**Information**
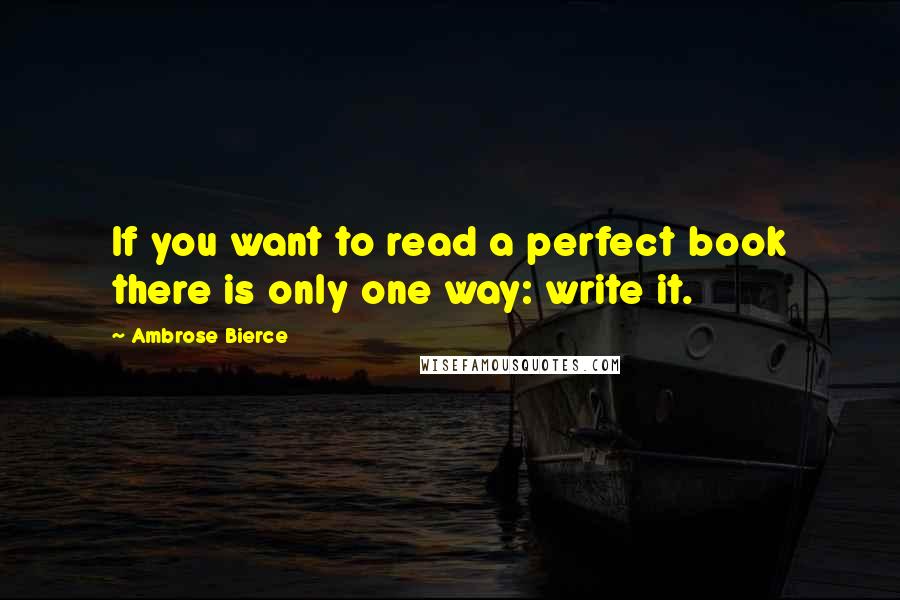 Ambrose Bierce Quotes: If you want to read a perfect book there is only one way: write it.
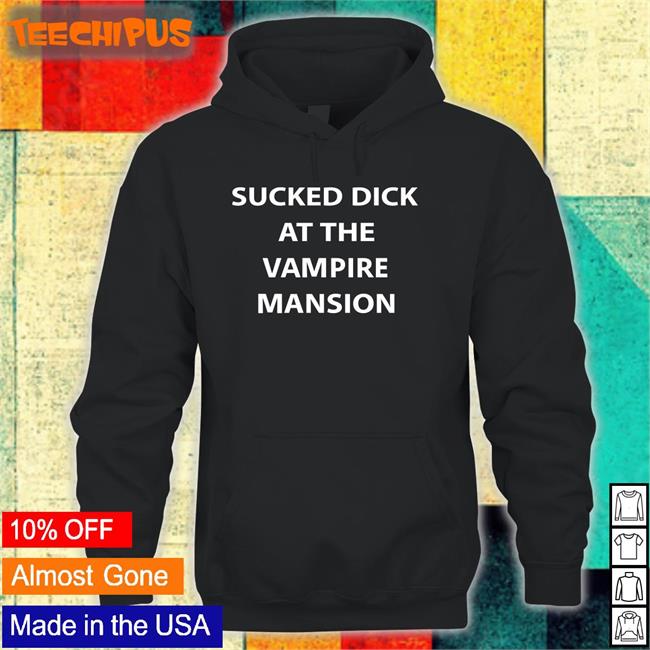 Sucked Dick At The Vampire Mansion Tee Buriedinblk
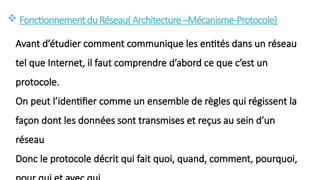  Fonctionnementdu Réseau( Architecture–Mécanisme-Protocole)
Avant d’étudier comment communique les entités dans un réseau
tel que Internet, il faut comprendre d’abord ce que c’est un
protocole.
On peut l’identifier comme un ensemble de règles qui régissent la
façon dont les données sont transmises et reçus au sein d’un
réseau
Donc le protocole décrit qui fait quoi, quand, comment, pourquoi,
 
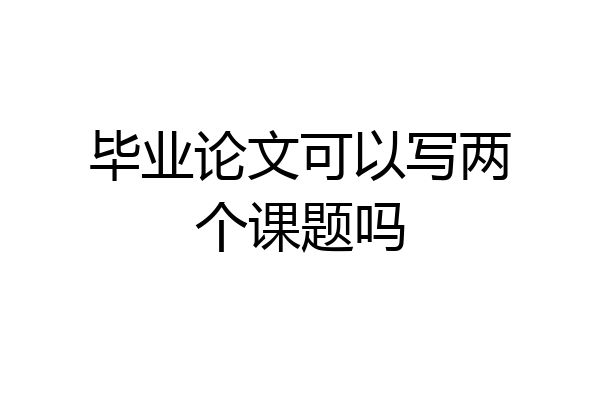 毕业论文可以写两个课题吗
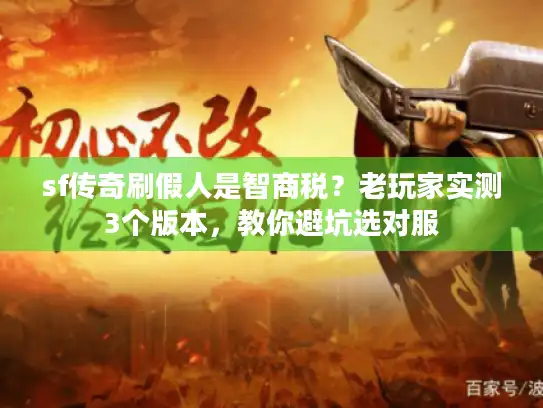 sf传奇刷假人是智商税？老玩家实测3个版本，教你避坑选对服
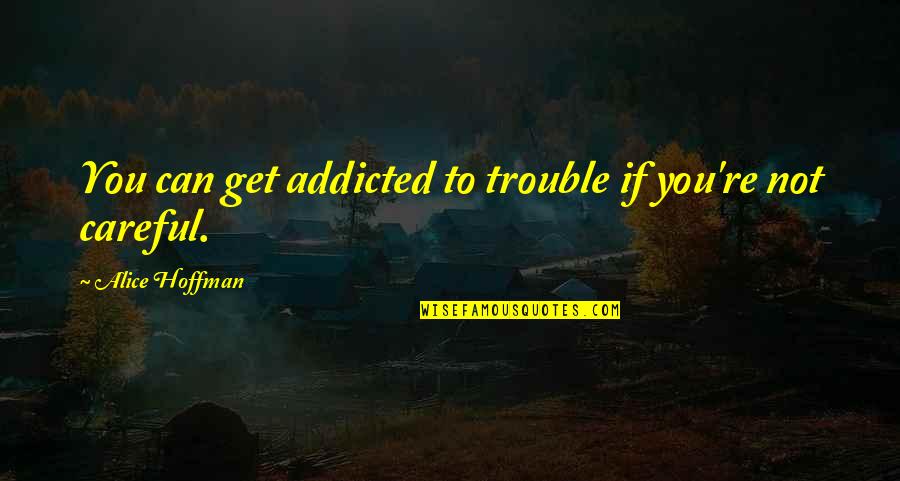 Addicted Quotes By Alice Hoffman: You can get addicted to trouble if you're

**Description of the task**
Please state how many lines of the listing above hold "comment", giving the number and nothing else.

**Solution to this exercise**
2